ITSO: Fulfilling the Ticketing Challenge
ITSO continues to evolve and improve, with coverage of the UK growing
This article appeared in Transport Times, June 2015
Last century - well, 1999 to be exact – two northern passenger transport executives realised that public procurement rules could result in adjacent transport authorities being forced to acquire ticketing equipment on buses that would not interoperate across their boundaries with neighbouring areas. This would benefit neither operators nor passengers.
Many PTEs had already created multi-modal and area-wide travelcards, which had only just gone through the upheaval of bus deregulation and rail franchising. The question remained: how could adjacent authorities integrate ticket-ing while allowing procurement of equipment to remain competitive?
They could have buried their heads in the sand about the national problem and opted for area-specific solutions that were not compatible across boundaries. Instead the stakeholders in this debate opted for a potential pearl. This pearl came to be known as the Integrated Transport Smartcard Organisation, originally conceived by PTEG and now commonly known as ITSO. The problem remains that we tend to underestimate just how long a pearl can take to grow.
Systra undertook the initial ITSO scoping exercise for PTEG in 1999, involving bus and rail operators, interested suppliers and the Department for Transport. Back then, the company was asked to lead a team of six to draft the first iterations of the ITSO specification, which was funded by the DfT.
Today ITSO is made up of members from different sectors representing public transport operators, local transport authorities (including from Scotland and Wales), suppliers and the DfT.
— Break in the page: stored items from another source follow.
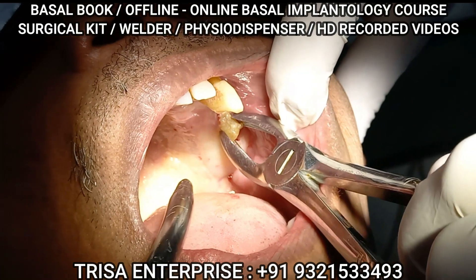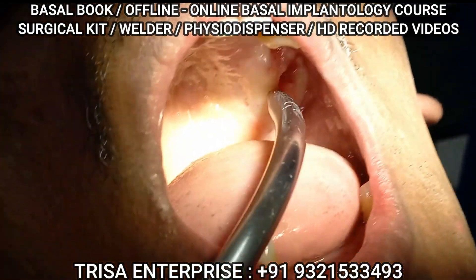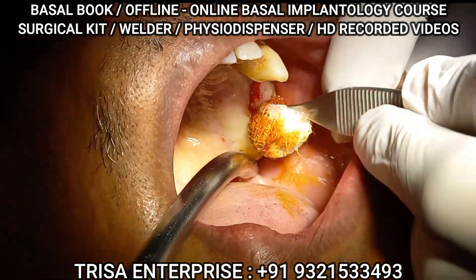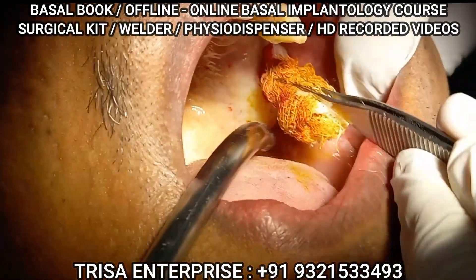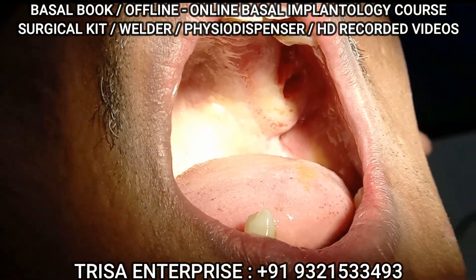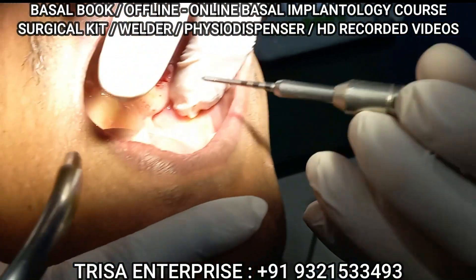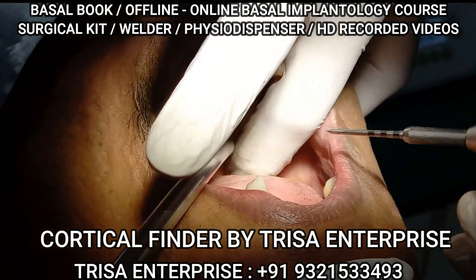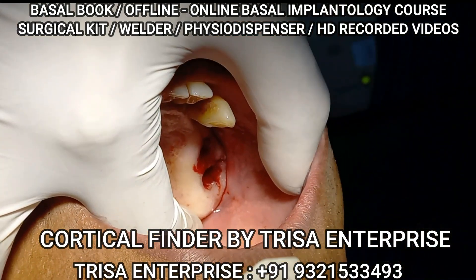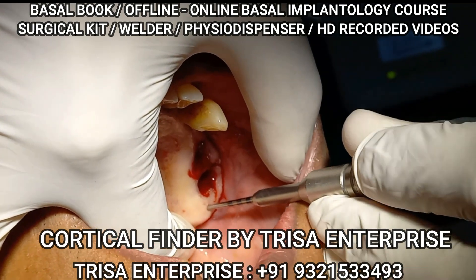I'll keep that antenna first of all for ready — later on I'll make it. Now I will use this see-finder, which I will show you in detail again, and I will first probe this area. It's a blind procedure, but with my understanding of the anatomy I will navigate it.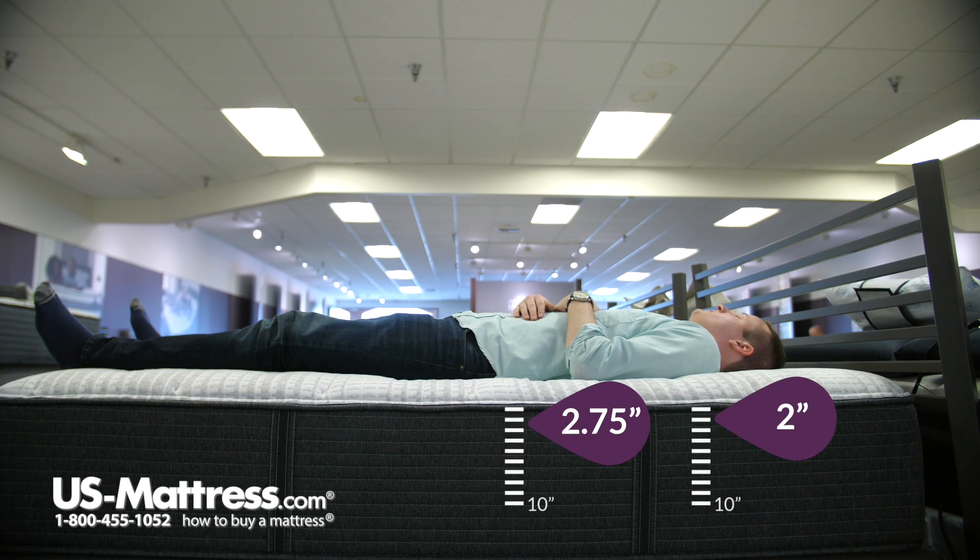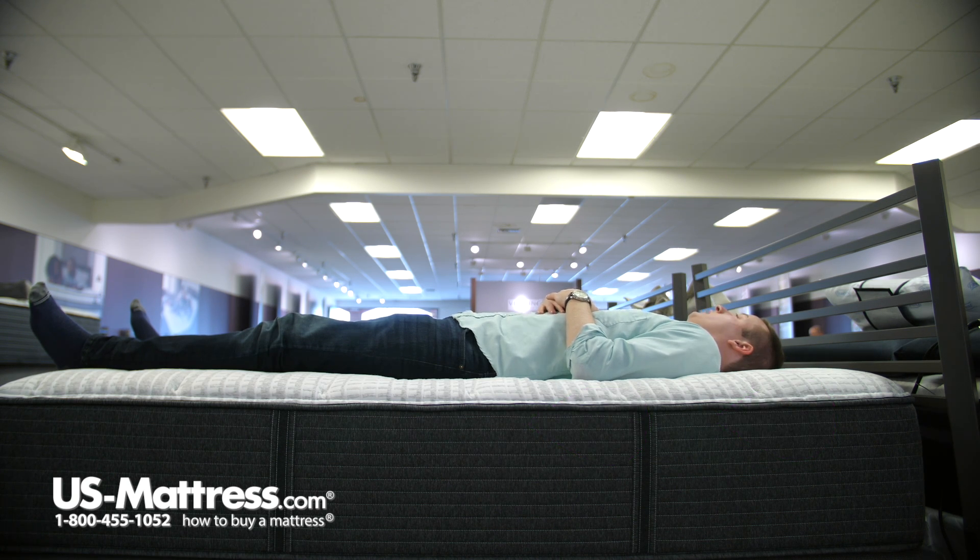Laying on my back, I would say that this mattress has an overall firmer feel to it than a true medium, so I feel like I'm definitely lying on top of the mattress more than sinking into it. It feels pretty similar to the pillow top version of this mattress as well, so I don't really see a lot of differentiation between the two. If I was a back sleeper looking at this mattress, I would probably go with this one because I'm getting good back support and I don't have any pressure — just a good firm feel.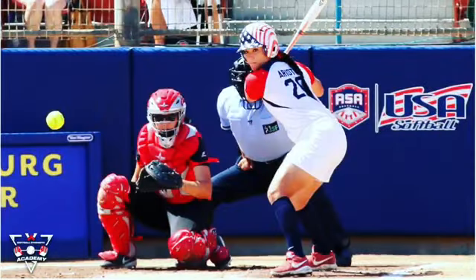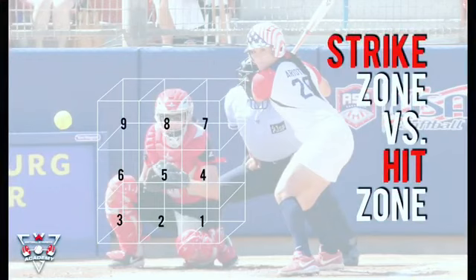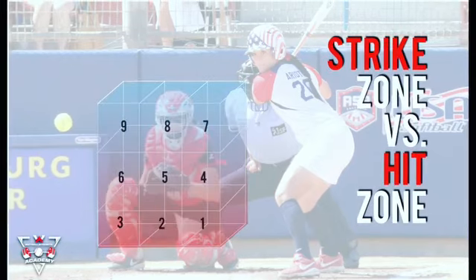Hey guys, this is Cassie from Softball Strength Academy. I wanted to talk about the strike zone versus the hit zone today, in particular because a lot of our hitters are transitioning from high school ball to travel ball, and a lot of times that strike zone tends to differ depending on the level of competition you're at.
It is timely, given that we have a new government (with its city devolution agenda), to consider what has been achieved and what is next for ITSO. Industry views vary. Many have previously predicted ITSO’s demise, but after a bumpy ride and some false dawns ITSO doggedly ploughs on. Why? Many fail to appreciate the complexity of smart ticketing and fares. It’s not just about the customer proposition or the technicalities; there are significant business imperatives to consider, for example the capital investment in equipment and its timing (equipment lasting for several years and not falling due for renewal all at once, nor coinciding with scheme priorities).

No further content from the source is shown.